Judith Jackson '87 said she was discouraged from taking courses in Afro-American Studies because the courses were "not challenging enough."
"That's both racist and patronizing," Jackson said, "They're making value judgements about the discipline."
And how did she respond? "I took Afro-Am courses anyway," she said.
Like Clark, Jackson said she noticed discrepancies in the way minorities and other distinguishable groups were treated. Her first-year boyfriend was a basketball player, she said. And he often ate at the Union at special times with the team.

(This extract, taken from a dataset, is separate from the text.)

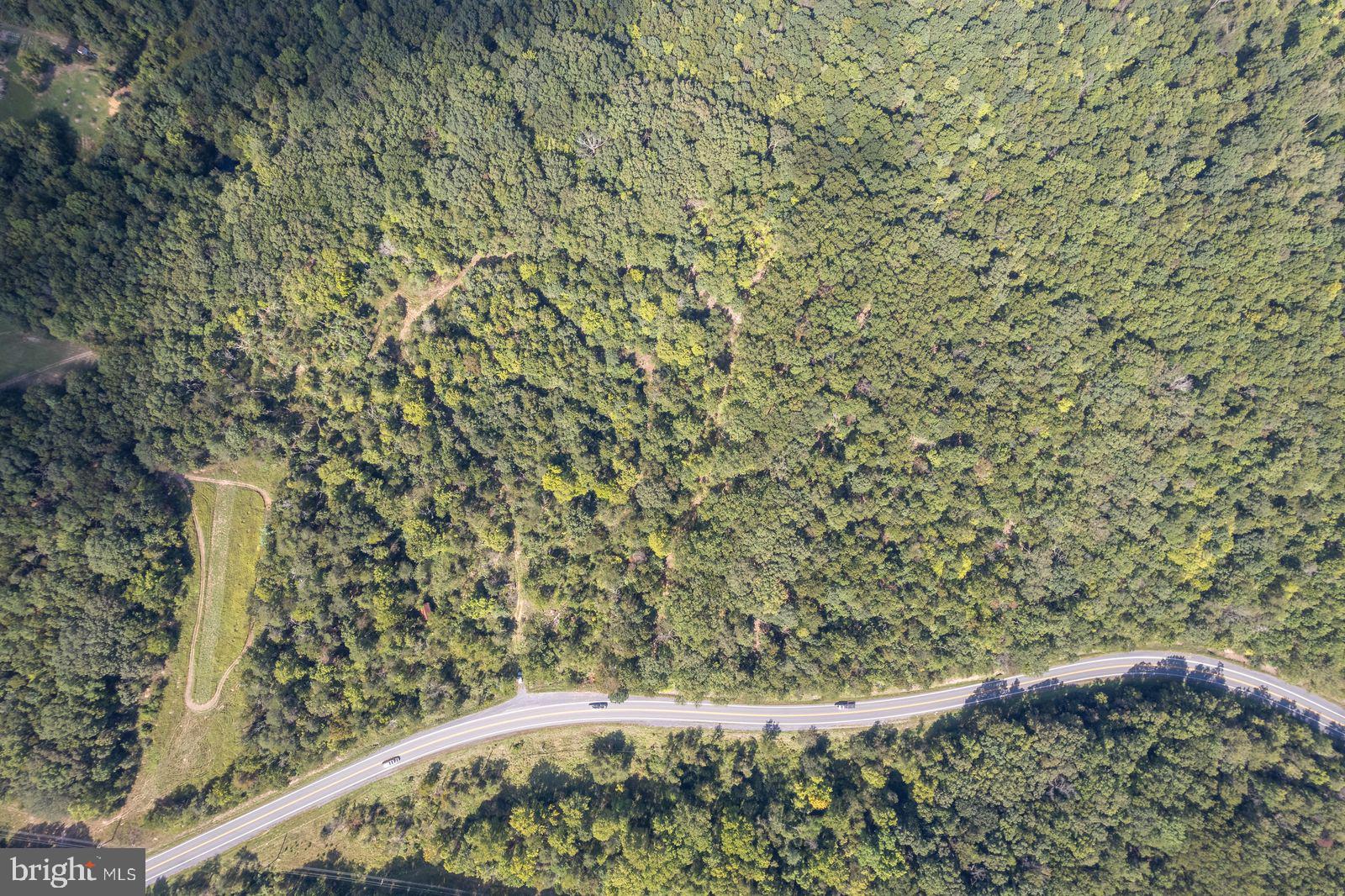 FAIRVIEW ESTATES - Land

She compared these team dinners with complaints that Black students "segregate themselves" by sitting together in the dining halls.
Noting that minorities but not athletes are criticized for sitting together, Jackson said people should attack neither them nor anyone else for eating with whom they choose. "I said that we should be able to sit together just like anybody else," she said. "People who want to sit together can sit together."
Jackson said she had some problems with covert racism in her first rooming group. Since she came from a primarily white high school, Jackson said, "I was probably more accustomed to being with [my roommates] than they were to being with me."
She blames the problems her rooming group had on the first-year stress of being placed in a room with strangers, but feels these normal problems were accentuated by her race.
In contrast, Felicia D. Green '83 said she did not have any problems getting along with white students. Her friendships with white students turned out to be a problem in itself however, she said. "I was told I should fraternize with my own kind" by some other Black students, she said.
Both Green and Jackson rejected that logic. "You don't accept that one group of people can never be your friends," Green said. "You have to make the effort and it has to be sincere."
Jackson said she was involved in minority groups as well as other activities. "I think that I wouldn't have passed up the opportunity to do both," she said.
But for all of the graduates, the BSA was a place to discuss Black life on campus. And several alumni, particularly those from the earlier years, emphasized that the BSA also provided them with a sense of community.
Dawson was struck by the closeness of the minority community in his Harvard years. "When I got here as a freshman in 1977, the things that stuck out most for me were the cohesiveness of the minority community at that time," he said. "It was a very supportive environment."
And "As I moved on," Dawson said, "I began to fill the role that others had filled for me."
But there is less unity among Black students today, Clark said. "When I was a [freshperson in 1977], there seemed to be a greater sense of unity among the Black students," he says. Stressing that he is "not an isolationist," he noted, however, that the campus is more fragmented now. "The Black students don't seem to be connected," he said.
Dawson and other alumni attributed the change in part to the fact that more of today's minority students come from suburban and middle- or upper-middle-class families.